Activity >> Every record below should be retyped exactly, and no picture should appear in the copy.

[Stored items]

::::

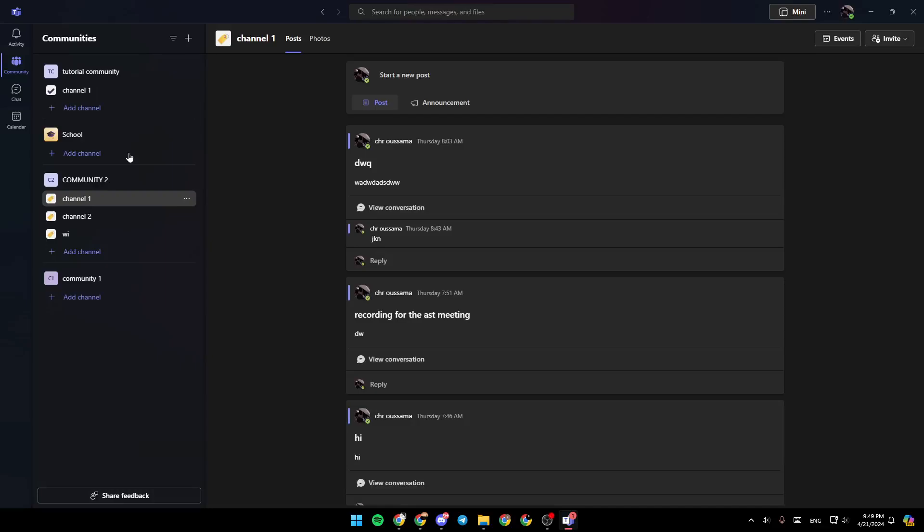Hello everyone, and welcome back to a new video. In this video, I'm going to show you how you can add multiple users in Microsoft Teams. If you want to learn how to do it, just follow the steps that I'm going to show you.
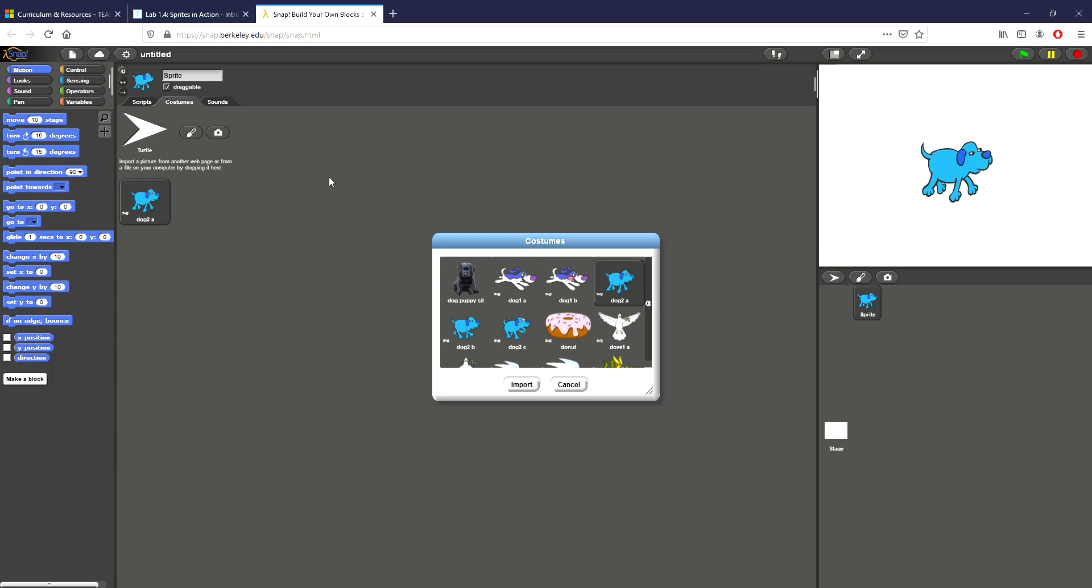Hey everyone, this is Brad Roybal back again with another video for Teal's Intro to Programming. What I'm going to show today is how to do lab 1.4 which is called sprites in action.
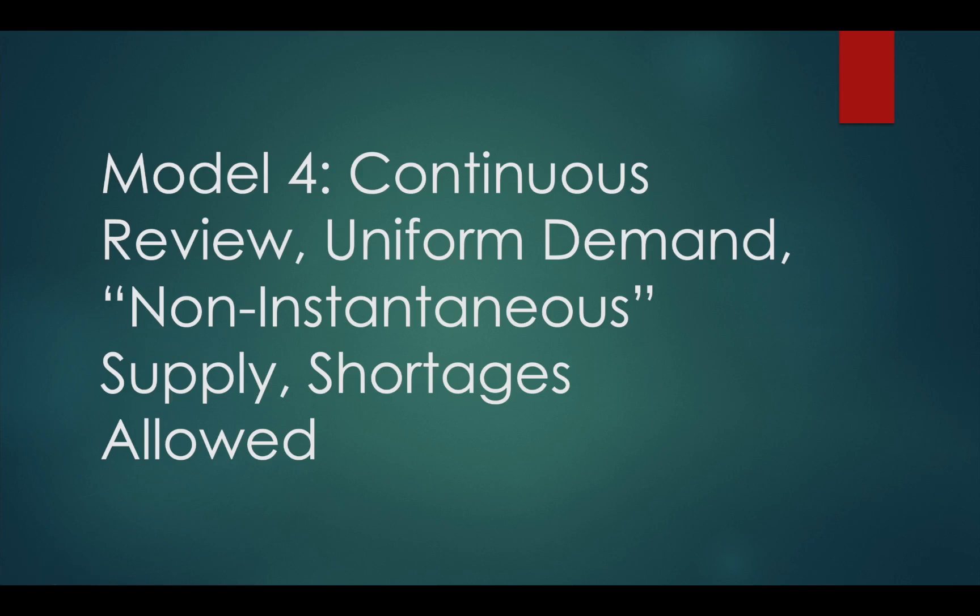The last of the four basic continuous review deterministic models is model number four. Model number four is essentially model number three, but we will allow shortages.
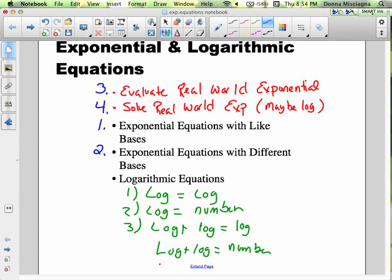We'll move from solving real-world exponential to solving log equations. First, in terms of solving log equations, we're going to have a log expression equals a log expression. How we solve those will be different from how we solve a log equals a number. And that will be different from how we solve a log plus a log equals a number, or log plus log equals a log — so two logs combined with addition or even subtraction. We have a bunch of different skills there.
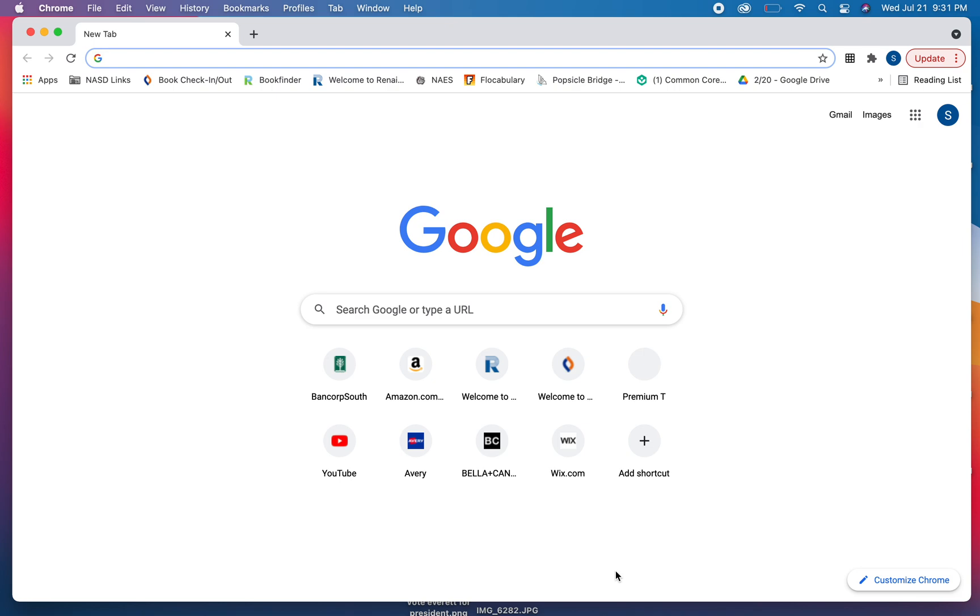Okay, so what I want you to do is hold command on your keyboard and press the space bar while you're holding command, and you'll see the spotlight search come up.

::::

Task result >>
Hello everyone, and welcome back to a new video. In this video, I'm going to show you how you can add multiple users in Microsoft Teams. If you want to learn how to do it, just follow the steps that I'm going to show you.
Hey everyone, this is Brad Roybal back again with another video for Teal's Intro to Programming. What I'm going to show today is how to do lab 1.4 which is called sprites in action.
The last of the four basic continuous review deterministic models is model number four. Model number four is essentially model number three, but we will allow shortages.
We'll move from solving real-world exponential to solving log equations. First, in terms of solving log equations, we're going to have a log expression equals a log expression. How we solve those will be different from how we solve a log equals a number. And that will be different from how we solve a log plus a log equals a number, or log plus log equals a log — so two logs combined with addition or even subtraction. We have a bunch of different skills there.
Okay, so what I want you to do is hold command on your keyboard and press the space bar while you're holding command, and you'll see the spotlight search come up.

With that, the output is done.